Exercise prompt: Once the line with "CEPILLO DIXON TIC/PRINCETON" is found in the entries below, print it and each following line exactly, stopping after the line with "20 Beach Road, Stanwell Park NSW 2508"; print nothing else.

Information supplied:
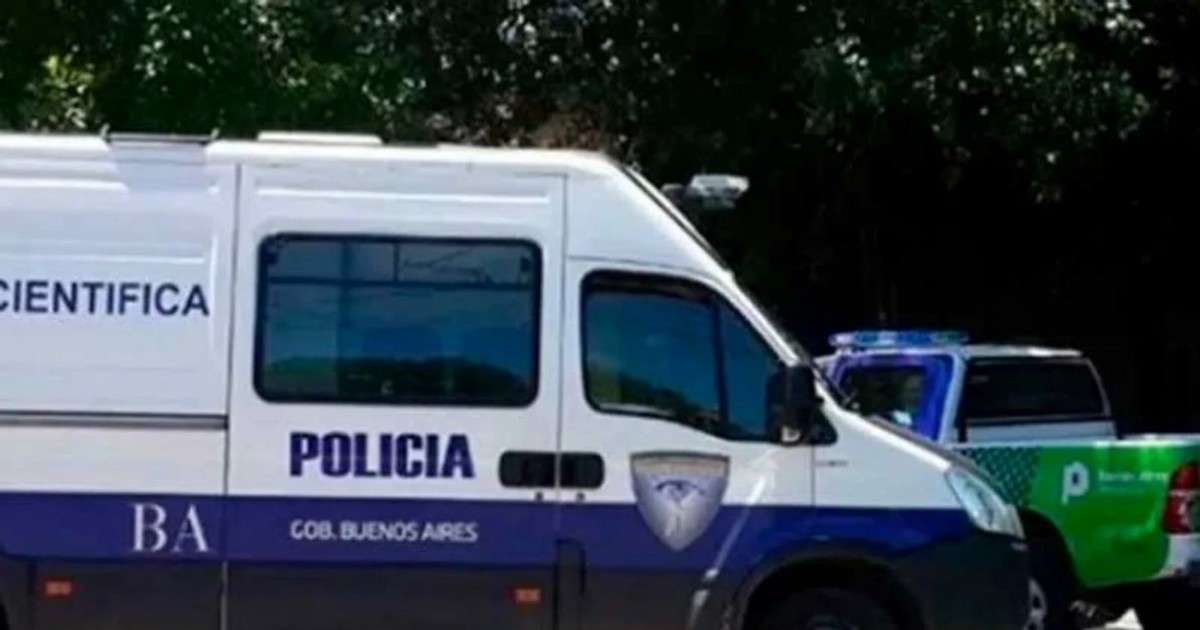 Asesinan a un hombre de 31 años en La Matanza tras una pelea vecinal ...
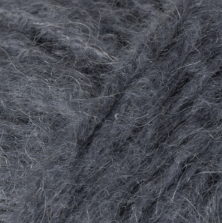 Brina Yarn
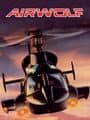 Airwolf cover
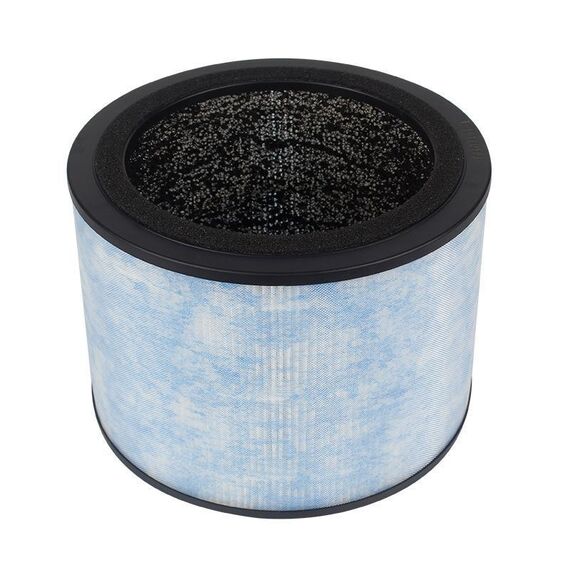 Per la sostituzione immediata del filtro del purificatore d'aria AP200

---

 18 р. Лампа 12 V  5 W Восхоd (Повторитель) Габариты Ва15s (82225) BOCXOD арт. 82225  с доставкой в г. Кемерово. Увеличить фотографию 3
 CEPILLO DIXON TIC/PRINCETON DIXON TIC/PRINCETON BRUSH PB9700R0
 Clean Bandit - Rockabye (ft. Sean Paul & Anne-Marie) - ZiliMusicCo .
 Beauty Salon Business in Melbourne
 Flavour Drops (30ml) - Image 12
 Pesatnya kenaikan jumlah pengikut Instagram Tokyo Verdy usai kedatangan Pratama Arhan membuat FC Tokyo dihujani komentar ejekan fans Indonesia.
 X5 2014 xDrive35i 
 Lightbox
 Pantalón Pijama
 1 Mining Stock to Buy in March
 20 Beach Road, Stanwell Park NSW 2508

==

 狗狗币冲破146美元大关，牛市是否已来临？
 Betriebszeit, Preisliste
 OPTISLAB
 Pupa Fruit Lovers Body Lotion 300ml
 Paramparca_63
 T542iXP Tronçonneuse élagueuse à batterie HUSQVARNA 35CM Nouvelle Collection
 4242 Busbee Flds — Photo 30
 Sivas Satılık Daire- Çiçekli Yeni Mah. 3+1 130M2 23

Result:
 CEPILLO DIXON TIC/PRINCETON DIXON TIC/PRINCETON BRUSH PB9700R0
 Clean Bandit - Rockabye (ft. Sean Paul & Anne-Marie) - ZiliMusicCo .
 Beauty Salon Business in Melbourne
 Flavour Drops (30ml) - Image 12
 Pesatnya kenaikan jumlah pengikut Instagram Tokyo Verdy usai kedatangan Pratama Arhan membuat FC Tokyo dihujani komentar ejekan fans Indonesia.
 X5 2014 xDrive35i 
 Lightbox
 Pantalón Pijama
 1 Mining Stock to Buy in March
 20 Beach Road, Stanwell Park NSW 2508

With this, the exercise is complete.